Personal information
- Born: 1 September 1968 (age 58) Trondheim, Norway
- Height: 176 cm (5 ft 9 in)
- Playing position: Goalkeeper

Senior clubs
- Years: Team
- –: Sjetne IL
- –: Byåsen IL

National team
- Years: Team
- –: Norway

Medal record
Representing Norway
Women's handball
Olympic Games
| Silver medal – second place | 1988 Seoul | Team |
| Silver medal – second place | 1992 Barcelona | Team |
World Championship
| Bronze medal – third place | 1993 Norway | Team |
European Championship
| Silver medal – second place | 1996 Denmark | Team |
| Bronze medal – third place | 1994 Germany | Team |

= Annette Skotvoll =

Norwegian handball player (born 1968)

Annette Skotvoll (born 1 September 1968 in Trondheim) is a Norwegian team handball player (goalkeeper) and Olympic medalist.

==Life and career==
Born in Trondheim on 1 September 1968, Skotvoll played as goalkeeper for the clubs Sjetne IL and Byåsen IL.
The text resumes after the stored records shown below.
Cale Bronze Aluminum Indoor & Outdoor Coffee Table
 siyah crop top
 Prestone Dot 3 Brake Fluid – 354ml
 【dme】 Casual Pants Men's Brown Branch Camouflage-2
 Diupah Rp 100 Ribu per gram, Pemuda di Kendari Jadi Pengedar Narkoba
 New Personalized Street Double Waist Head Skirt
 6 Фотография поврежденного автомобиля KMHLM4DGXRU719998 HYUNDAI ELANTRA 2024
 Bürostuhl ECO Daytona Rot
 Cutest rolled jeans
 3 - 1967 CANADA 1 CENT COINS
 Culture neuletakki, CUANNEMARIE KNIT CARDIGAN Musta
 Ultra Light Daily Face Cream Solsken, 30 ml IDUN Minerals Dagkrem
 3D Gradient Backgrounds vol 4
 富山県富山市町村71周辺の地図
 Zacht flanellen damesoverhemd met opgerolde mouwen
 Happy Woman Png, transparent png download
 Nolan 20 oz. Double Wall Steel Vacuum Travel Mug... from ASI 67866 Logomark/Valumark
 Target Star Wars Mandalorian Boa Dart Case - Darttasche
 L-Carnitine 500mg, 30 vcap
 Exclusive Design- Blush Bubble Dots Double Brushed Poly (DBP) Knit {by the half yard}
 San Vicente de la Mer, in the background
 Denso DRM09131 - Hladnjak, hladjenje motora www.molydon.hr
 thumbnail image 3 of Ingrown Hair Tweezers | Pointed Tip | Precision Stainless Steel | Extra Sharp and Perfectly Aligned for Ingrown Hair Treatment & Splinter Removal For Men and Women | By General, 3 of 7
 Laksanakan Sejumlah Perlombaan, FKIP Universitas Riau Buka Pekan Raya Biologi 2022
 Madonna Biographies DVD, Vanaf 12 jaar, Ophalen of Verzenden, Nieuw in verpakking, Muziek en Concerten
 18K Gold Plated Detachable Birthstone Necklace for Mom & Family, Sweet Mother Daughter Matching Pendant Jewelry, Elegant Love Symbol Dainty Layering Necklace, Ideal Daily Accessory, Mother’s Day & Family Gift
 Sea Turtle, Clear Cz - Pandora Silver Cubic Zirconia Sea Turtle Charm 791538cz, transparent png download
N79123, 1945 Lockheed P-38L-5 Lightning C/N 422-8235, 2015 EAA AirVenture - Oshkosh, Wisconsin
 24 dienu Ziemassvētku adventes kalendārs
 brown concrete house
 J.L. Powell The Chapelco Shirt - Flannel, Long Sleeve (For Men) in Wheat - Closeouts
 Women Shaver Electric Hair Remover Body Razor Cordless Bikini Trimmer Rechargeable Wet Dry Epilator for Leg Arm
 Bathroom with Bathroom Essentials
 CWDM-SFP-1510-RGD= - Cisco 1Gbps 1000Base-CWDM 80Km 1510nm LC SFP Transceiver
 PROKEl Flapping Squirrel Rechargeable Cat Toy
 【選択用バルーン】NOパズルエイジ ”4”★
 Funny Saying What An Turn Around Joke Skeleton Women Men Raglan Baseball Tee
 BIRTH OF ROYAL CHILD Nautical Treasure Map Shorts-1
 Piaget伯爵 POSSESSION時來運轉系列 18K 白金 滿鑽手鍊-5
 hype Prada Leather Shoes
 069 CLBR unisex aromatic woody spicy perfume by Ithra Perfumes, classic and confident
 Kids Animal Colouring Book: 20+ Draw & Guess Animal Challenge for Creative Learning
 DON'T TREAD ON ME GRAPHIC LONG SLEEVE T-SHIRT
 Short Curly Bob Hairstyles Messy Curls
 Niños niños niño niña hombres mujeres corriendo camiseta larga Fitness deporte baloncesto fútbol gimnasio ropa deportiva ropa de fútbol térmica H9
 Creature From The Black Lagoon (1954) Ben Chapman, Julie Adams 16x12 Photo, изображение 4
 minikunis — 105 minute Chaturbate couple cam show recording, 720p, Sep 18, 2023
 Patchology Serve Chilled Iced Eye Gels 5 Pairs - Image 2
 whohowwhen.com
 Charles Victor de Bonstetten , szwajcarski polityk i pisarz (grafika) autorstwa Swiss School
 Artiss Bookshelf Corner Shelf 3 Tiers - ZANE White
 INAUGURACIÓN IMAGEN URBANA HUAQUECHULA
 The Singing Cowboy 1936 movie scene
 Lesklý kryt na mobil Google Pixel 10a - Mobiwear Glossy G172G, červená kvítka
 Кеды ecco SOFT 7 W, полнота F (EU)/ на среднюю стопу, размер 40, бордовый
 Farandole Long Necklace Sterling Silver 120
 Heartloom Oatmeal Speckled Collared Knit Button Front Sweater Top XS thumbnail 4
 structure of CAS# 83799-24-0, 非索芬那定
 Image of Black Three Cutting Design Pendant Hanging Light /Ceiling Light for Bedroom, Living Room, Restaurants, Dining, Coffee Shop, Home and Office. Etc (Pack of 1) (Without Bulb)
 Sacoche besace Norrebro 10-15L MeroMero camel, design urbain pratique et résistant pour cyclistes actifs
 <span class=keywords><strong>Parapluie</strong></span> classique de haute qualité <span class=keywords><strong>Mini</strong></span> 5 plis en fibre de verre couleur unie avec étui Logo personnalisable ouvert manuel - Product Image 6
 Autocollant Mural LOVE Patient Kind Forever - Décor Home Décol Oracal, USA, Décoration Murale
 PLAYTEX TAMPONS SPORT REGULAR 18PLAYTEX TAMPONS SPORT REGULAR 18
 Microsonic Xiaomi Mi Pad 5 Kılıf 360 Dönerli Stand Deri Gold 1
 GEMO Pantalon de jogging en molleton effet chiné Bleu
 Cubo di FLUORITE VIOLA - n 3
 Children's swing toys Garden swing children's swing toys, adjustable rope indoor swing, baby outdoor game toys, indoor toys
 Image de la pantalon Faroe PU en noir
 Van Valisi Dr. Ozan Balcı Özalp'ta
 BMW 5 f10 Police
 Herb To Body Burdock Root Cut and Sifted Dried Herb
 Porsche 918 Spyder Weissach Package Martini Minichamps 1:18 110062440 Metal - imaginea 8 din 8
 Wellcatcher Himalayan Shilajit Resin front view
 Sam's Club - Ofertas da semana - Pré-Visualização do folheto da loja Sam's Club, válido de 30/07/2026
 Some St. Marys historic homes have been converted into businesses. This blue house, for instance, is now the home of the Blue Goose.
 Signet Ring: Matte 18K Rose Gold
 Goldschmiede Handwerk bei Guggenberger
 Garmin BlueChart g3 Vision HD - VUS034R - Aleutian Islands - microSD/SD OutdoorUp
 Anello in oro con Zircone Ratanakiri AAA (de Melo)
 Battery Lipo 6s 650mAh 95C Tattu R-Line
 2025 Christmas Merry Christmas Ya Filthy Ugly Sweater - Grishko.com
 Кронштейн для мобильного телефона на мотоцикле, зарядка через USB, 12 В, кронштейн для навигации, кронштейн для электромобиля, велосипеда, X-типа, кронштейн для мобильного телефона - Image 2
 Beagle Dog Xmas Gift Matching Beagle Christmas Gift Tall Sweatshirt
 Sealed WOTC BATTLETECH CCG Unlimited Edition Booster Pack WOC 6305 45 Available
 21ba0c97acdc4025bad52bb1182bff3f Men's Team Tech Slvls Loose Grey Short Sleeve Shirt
She received silver medals at the 1988 Summer Olympics in Seoul with the Norwegian national team, and at the 1992 Summer Olympics in Barcelona.

She won a bronze medal with the Norwegian team at the 1993 World Women's Handball Championship, bronze medal at the 1994 European Women's Handball Championship, and silver medal at the 1996 European Women's Handball Championship.

Skotvoll played 250 games for the national team during her career.

She was awarded the Håndballstatuetten trophy from the Norwegian Handball Federation in 2012.